EXERCISE:
From the listing below, retype exactly the line holding "Полупрозрачный дизайнерский пластиковый", the line holding "Wood Necklace Rectangle", and the lines between them; skip everything else.

Top of PROVIDED RECORDS

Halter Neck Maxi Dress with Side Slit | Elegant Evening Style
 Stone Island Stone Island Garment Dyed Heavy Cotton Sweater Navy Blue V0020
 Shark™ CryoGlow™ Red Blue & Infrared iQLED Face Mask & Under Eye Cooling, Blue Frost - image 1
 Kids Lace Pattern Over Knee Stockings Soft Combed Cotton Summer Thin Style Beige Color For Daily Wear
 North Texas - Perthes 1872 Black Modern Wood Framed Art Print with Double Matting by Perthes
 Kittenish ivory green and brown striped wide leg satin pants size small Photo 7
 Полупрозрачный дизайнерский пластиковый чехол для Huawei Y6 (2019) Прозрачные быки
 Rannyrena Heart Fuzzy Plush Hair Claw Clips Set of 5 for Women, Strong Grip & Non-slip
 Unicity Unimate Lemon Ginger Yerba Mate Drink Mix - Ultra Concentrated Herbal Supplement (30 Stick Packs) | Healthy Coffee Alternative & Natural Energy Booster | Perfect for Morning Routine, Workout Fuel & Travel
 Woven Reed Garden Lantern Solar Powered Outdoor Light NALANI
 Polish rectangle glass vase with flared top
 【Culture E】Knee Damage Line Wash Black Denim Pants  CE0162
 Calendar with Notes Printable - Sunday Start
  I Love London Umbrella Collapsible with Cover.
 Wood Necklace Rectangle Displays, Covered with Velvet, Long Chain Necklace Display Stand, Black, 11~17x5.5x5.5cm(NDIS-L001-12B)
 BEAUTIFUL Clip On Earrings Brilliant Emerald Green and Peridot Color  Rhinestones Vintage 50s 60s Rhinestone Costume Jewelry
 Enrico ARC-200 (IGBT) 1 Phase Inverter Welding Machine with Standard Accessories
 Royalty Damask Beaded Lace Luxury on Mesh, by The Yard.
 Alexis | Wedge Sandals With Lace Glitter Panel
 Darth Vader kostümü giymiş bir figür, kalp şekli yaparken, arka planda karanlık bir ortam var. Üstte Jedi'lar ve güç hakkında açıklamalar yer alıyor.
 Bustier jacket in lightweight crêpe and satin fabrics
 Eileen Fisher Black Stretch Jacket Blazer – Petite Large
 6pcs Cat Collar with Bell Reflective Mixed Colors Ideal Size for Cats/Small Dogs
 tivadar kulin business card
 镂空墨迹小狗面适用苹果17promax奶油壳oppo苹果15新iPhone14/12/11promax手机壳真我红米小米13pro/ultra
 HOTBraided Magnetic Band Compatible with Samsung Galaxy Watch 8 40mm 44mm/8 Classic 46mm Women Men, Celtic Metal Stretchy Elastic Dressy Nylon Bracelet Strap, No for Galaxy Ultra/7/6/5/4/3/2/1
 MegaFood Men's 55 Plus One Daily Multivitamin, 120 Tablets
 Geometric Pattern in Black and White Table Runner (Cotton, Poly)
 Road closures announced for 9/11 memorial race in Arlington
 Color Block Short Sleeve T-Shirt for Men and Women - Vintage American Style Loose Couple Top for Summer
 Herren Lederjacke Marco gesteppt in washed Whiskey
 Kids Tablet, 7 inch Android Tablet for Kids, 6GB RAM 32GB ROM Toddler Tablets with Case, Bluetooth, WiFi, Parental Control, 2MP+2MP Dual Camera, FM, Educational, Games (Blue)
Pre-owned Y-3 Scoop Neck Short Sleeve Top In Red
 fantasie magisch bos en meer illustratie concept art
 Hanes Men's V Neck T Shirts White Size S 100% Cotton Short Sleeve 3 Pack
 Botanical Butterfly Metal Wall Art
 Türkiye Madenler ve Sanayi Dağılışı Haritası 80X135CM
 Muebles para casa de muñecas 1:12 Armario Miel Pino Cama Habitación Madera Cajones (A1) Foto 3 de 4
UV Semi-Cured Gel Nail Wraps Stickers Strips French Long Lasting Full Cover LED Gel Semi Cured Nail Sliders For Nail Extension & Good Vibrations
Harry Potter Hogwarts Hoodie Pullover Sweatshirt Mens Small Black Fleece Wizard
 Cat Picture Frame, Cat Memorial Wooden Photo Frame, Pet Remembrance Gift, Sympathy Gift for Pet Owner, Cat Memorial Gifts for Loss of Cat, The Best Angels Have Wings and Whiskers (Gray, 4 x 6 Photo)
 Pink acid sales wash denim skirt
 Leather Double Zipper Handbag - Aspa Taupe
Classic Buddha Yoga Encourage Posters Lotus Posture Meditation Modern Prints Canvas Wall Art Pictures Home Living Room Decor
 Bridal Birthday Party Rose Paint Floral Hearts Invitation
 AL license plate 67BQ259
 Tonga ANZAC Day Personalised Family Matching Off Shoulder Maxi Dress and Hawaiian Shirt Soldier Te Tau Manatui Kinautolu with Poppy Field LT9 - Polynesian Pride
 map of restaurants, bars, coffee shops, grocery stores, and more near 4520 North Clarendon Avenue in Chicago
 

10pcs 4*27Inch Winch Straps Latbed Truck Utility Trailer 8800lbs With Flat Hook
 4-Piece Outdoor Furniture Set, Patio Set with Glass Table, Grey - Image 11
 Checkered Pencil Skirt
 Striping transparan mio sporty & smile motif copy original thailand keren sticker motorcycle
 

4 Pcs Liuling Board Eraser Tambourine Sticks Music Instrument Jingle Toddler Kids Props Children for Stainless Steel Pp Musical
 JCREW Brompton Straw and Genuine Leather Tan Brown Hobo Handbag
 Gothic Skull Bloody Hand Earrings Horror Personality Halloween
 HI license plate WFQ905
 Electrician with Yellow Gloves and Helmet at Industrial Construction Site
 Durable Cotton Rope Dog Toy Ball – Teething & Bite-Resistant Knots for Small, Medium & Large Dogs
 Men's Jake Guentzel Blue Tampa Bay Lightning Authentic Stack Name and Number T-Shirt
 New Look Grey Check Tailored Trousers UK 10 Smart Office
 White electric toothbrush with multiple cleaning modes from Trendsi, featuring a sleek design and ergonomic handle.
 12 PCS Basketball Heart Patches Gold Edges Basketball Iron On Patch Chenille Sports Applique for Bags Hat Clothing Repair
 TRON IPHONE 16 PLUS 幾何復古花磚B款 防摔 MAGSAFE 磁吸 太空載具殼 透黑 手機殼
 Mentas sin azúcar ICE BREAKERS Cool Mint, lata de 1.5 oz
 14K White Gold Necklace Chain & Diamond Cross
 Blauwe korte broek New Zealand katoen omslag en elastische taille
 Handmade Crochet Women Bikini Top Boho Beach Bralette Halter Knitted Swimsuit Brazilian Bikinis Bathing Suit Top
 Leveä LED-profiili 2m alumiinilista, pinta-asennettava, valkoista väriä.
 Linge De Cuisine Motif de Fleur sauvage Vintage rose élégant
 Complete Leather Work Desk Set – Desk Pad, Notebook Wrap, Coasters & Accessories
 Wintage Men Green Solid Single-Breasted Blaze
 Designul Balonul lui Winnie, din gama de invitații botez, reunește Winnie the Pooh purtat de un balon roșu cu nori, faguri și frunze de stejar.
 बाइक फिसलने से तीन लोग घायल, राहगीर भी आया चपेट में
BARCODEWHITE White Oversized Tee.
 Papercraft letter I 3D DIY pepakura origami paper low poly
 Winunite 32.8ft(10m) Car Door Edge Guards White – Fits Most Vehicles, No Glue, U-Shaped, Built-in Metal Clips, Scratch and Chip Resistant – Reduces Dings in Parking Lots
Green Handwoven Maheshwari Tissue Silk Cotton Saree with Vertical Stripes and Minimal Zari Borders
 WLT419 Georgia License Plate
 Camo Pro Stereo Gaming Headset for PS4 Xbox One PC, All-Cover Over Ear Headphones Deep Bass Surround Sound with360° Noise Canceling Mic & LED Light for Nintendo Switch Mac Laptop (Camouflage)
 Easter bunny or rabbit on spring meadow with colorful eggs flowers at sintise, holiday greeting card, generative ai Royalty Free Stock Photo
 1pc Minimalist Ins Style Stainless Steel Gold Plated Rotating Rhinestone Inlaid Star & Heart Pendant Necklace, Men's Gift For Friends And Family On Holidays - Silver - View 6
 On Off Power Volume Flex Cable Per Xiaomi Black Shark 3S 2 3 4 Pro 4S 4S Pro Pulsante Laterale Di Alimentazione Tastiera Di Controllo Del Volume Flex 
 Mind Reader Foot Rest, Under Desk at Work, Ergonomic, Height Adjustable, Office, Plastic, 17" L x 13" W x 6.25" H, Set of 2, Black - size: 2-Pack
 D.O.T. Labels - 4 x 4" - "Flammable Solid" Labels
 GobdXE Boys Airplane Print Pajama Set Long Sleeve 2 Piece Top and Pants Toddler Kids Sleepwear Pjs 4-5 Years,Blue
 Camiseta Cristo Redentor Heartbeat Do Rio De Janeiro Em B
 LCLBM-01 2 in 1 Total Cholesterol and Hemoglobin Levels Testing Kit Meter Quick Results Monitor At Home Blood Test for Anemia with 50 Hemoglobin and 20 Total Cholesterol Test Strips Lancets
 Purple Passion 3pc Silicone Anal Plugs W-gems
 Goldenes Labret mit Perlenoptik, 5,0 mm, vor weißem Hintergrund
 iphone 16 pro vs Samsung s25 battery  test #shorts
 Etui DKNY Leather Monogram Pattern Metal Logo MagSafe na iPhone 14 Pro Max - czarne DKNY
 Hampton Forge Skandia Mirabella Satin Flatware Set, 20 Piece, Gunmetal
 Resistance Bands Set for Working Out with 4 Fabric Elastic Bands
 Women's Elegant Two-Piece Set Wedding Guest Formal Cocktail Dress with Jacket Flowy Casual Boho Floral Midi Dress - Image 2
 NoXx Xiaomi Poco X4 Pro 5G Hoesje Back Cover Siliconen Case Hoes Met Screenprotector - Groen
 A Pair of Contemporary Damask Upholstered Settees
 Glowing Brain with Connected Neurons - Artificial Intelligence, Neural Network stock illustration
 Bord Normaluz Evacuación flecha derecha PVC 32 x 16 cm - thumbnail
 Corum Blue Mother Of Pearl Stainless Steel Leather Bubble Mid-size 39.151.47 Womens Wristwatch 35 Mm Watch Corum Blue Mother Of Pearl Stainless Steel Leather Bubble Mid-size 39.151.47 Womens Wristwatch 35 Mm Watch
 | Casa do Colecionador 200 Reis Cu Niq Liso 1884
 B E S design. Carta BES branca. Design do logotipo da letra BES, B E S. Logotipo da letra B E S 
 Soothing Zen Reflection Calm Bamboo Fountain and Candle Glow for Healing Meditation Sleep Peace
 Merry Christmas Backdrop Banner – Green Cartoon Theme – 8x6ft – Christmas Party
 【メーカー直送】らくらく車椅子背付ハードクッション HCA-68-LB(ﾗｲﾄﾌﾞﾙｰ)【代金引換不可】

Bottom of PROVIDED RECORDS

ANSWER TO THIS TASK:
 Полупрозрачный дизайнерский пластиковый чехол для Huawei Y6 (2019) Прозрачные быки
 Rannyrena Heart Fuzzy Plush Hair Claw Clips Set of 5 for Women, Strong Grip & Non-slip
 Unicity Unimate Lemon Ginger Yerba Mate Drink Mix - Ultra Concentrated Herbal Supplement (30 Stick Packs) | Healthy Coffee Alternative & Natural Energy Booster | Perfect for Morning Routine, Workout Fuel & Travel
 Woven Reed Garden Lantern Solar Powered Outdoor Light NALANI
 Polish rectangle glass vase with flared top
 【Culture E】Knee Damage Line Wash Black Denim Pants  CE0162
 Calendar with Notes Printable - Sunday Start
  I Love London Umbrella Collapsible with Cover.
 Wood Necklace Rectangle Displays, Covered with Velvet, Long Chain Necklace Display Stand, Black, 11~17x5.5x5.5cm(NDIS-L001-12B)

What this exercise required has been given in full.